Didier Lucien, éternel apatride? Né en Haïti, le comédien, acteur et dramaturge est arrivé au Canada alors qu’il n’avait qu’un an. Un demi-siècle plus tard, l’homme cherche toujours un sentiment d’appartenance cruellement élusif.
« Cela fait 49 ans que je suis ici, et on me considère encore comme un nouvel arrivant », lance le Québécois que l’on pourrait croire parfaitement intégré. La faute à la couleur de sa peau? En Haïti, où il n’est jamais vraiment retourné, on l’appelle pourtant « Le Blanc ».
Ai-je du sang de dictateur?, une pièce présentée sur les planches de l’Espace libre, se veut autant une réflexion sur les origines qu’un retour sur l’histoire tourmentée de la « Perle des Antilles ». Esclavage, coups d’État, dictatures, catastrophes naturelles… Les calamités n’en finissent plus de s’abattre sur Ayiti. Autant de blessures, de lacérations profondes que Didier Lucien semble ressentir au fond de son être. Et ce même s’il ne comprend pas lui-même toutes les ramifications et les complexités de la société haïtienne.
Manifeste, cri du coeur, examen historique… Ai-je du sang de dictateur? est à la fois tout cela et quelque chose de complètement différent. Il faut voir l’auteur et interprète se déguiser en Jean-Paul Duvalier, dictateur tyrannique de fort triste mémoire, et rejouer la plongée dans la folie de ce chef d’État si imbu de lui-même qu’il en viendra à changer la prière du Notre père… Ou qui, plus prosaïquement, fera piller, torturer et tuer à sa guise jusqu’à ce que la mort l’emporte, et que son fils « Bébé Doc » prenne sa place.
Ce désir d’appartenance, cette incompréhension d’un pays qui le fuit et qui l’attire inexorablement tout à la fois, Didier Lucien les hurle pour mieux purger sa chair de ces pulsions. Ou est-ce plutôt pour mieux s’en imprégner?

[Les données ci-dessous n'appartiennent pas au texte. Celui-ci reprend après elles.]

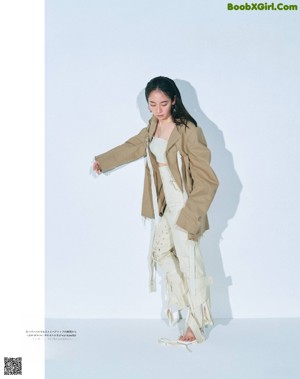 Riho Yoshioka 吉岡里帆, SPRiNG Magazine 2022.07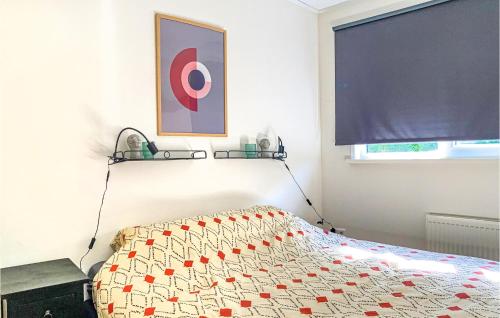 Postel nebo postele na pokoji v ubytování Cozy Home In Heinkenszand With Sauna
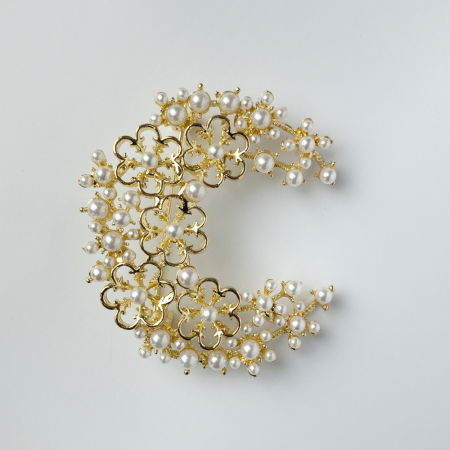 Broșe - Brosa metalica aurie semiluna si perlute sintetice albe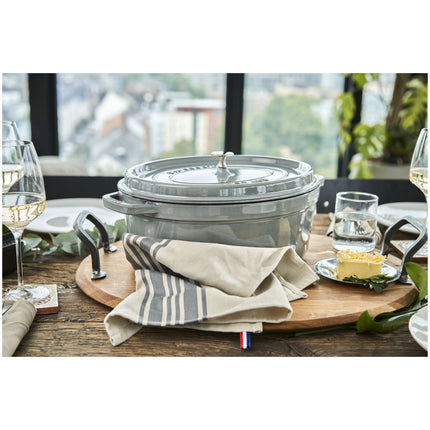 Staub La Cocotte 8 l cast iron oval Cocotte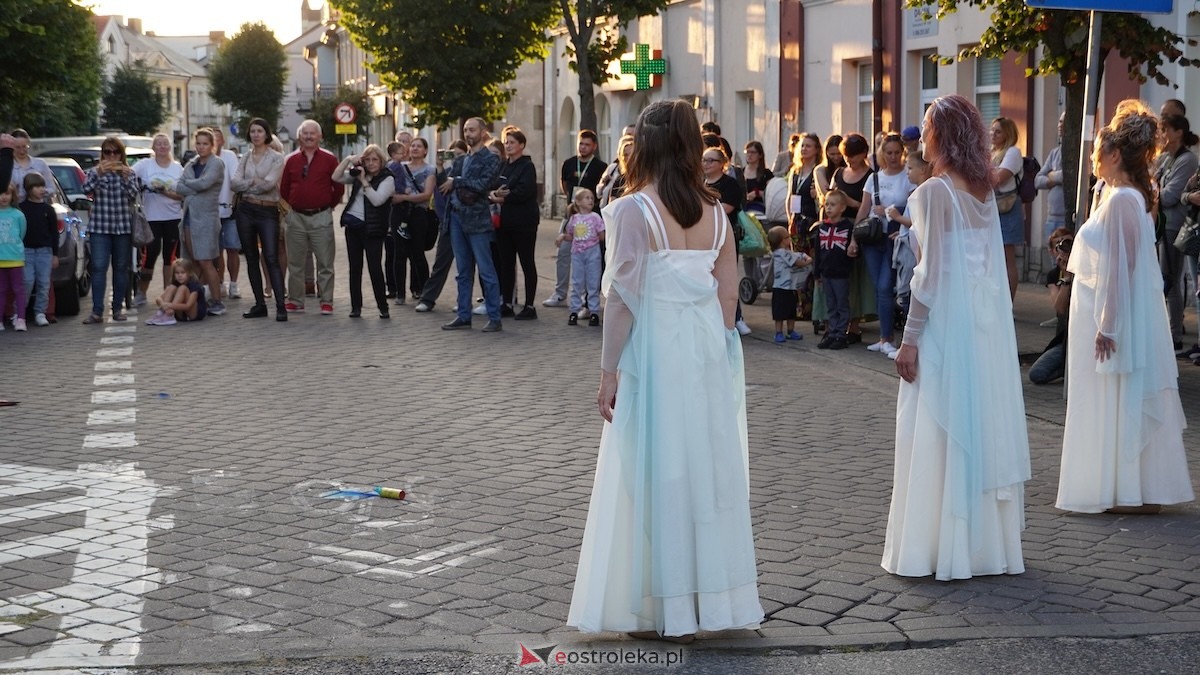 Wystartował 16. Festiwal Teatralny InQbator w Ostrołęce! [12.09.2025] - zdjęcie #74 - eOstroleka.pl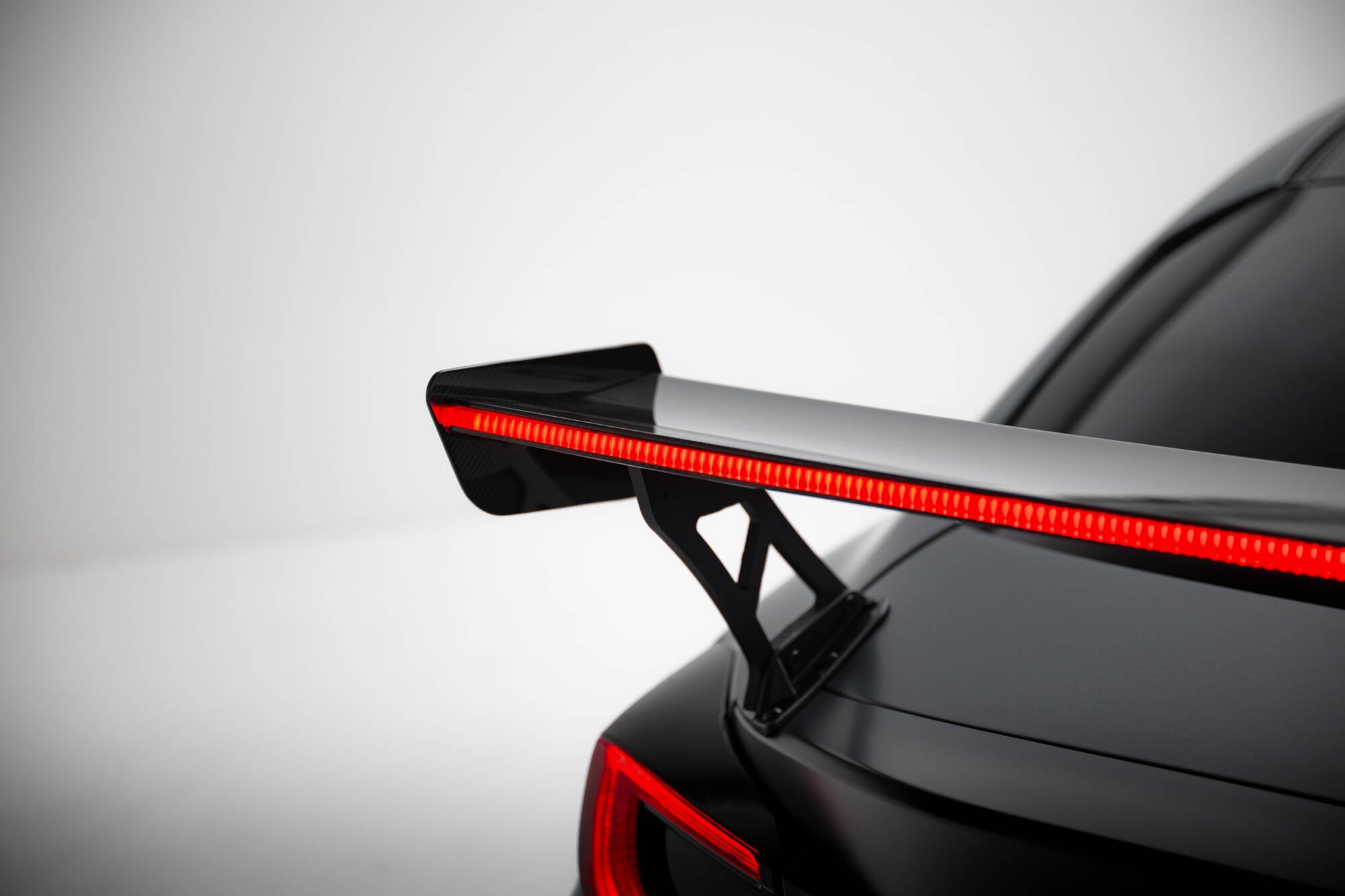 Hiilipoileri ulkoisilla kiinnikkeillä pystyssä + LED Toyota GR86 / Subaru Brz MK2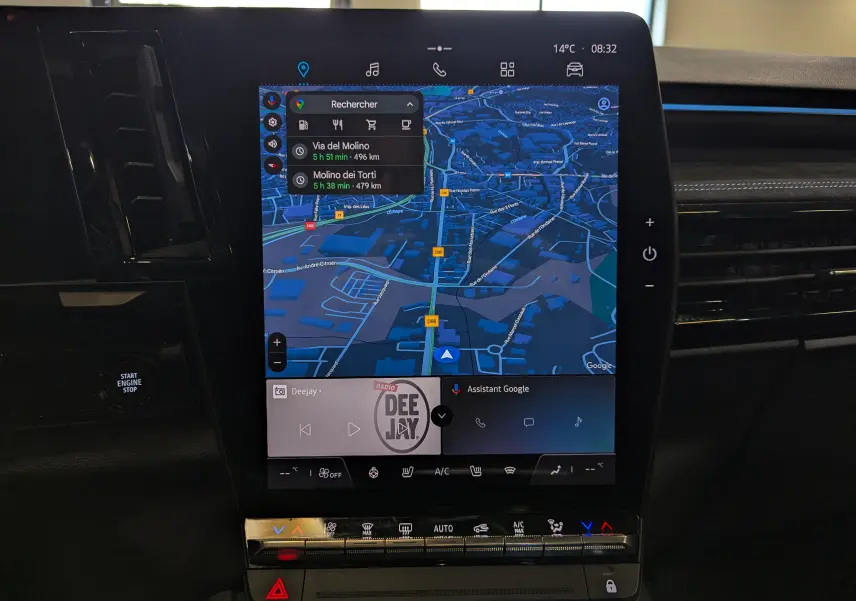 Écran tactile central du Renault Austral E-Tech 2023 montrant la navigation GPS et commandes climatisation sur tableau de bord noir.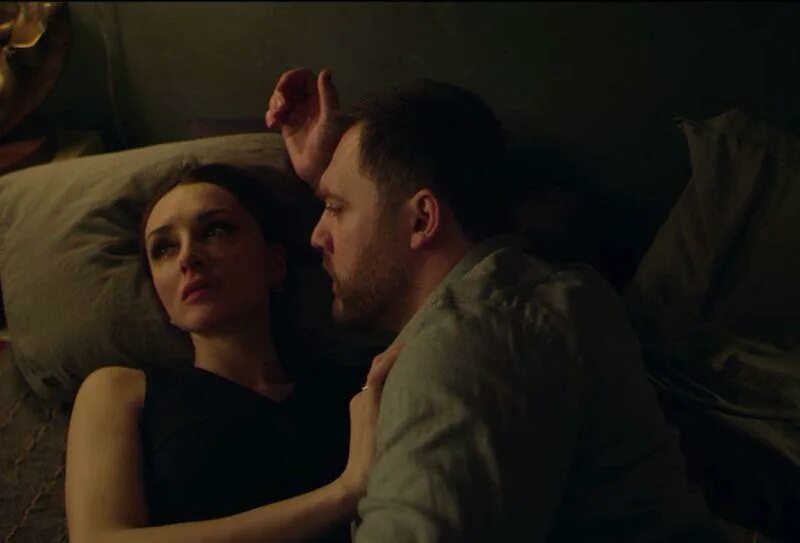 Третий в постели дата выхода. Денис шведов сериал в постели. ольга аксенова и денис шведов. в постели сериал 2018. ольга кавалай-аксёнова и денис шведов.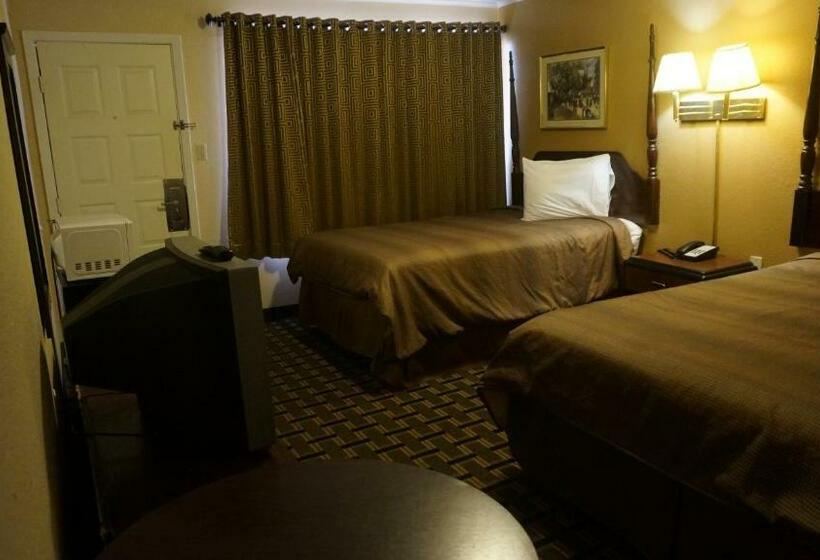 스탠다드 룸 더블 침대 2개, Budget Inn Malvern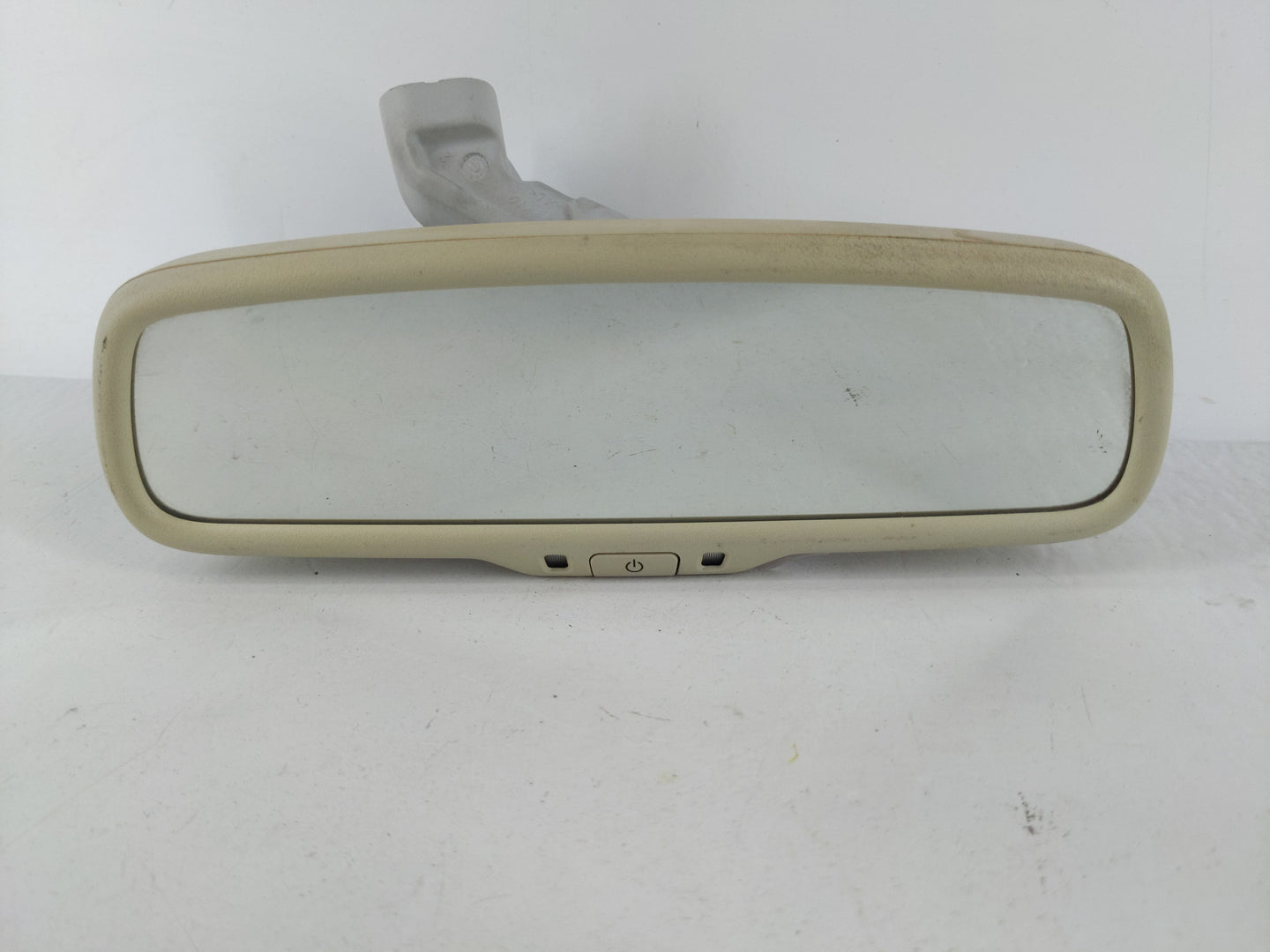 2014 Fiat 500l Interior Rear View Mirror Replacement OEM P/N:E3021035 Fits OEM Used Auto Parts - Oemusedautoparts1.com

L’oeuvre paraît certes parfois quelque peu brouillonne, entre la fausse émission de télé, les gags, les cris du coeur, les numéros chantés… On y perd un peu son latin, pour ensuite le retrouver quelques minutes plus tard, heureusement.
Coïncidence heureuse ou malheureuse, Ai-je du sang de dictateur déboule au théâtre alors que la question de l’intégration des immigrants occupe un espace extrêmement important, particulièrement dans la foulée de l’attentat de Québec, dimanche dernier. L’intégration et le vivre-ensemble, c’est (très) bien, mais encore faut-il savoir d’où l’on vient et qui l’on est. Facile à dire, souvent très difficile à faire. Mais cela n’empêchera pas Didier Lucien de continuer à essayer.